A Farewell to Shadies: A Pictorial Retrospective of the Most Entertaining Neighbors Ever
Once upon a time, Lex-Ham was home to a family who were not real slim, but were pretty damned shady. We just called 'em the Shady Bunch or the Shadies for short. Their house was Chez Shady. And at the center of all the action at Chez Shady was Erik Shady, a guy who just loved keepin' it real.
Yup, that Erik was some real dope-ass gangzta shiznit. He also enjoyed a slice of cake from time to time.
The matriach of the Shady Bunch was Beth Shady. She, also, is westsiiiiiide!

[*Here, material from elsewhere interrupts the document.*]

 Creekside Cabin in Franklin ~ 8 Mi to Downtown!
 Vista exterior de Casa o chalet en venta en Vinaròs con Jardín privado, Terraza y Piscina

And who could forget those charming little scamps the Shadies were raising to be upstanding, high-achieving, productive members of society? We're gonna miss you crazy kids.
Sometimes a guy we just called High as Hell would come over. Sometimes we could hear the Shadies and HaH having spirited roundtable discussion about exactly how they were all related. It got pretty complicated. Kinda like the McGlaughlin Group or the Algoquin Roundtable, except with more 24 ozers of Steel Reserve Malt Liquor.
And who could forget Uncle Tony? - a mild psychopath who, oddly enough, might have been the closest thing Chez Shady had to a responsible adult.
Sometimes the Shadies would have awesome parties featuring feats of strength. That is, if you consider dusting off a case of Steel Reserve tallboys to be a feat of strength.
So long and happy trails to you, Shadies. We just know you're going to love getting to know your new neighbors - the Mullets.
And so we, the awesome residents of the Scooby Doo Mansion, raise a toast of white wine and shrimp cocktail to you, the Shady Bunch. It's been real, yo.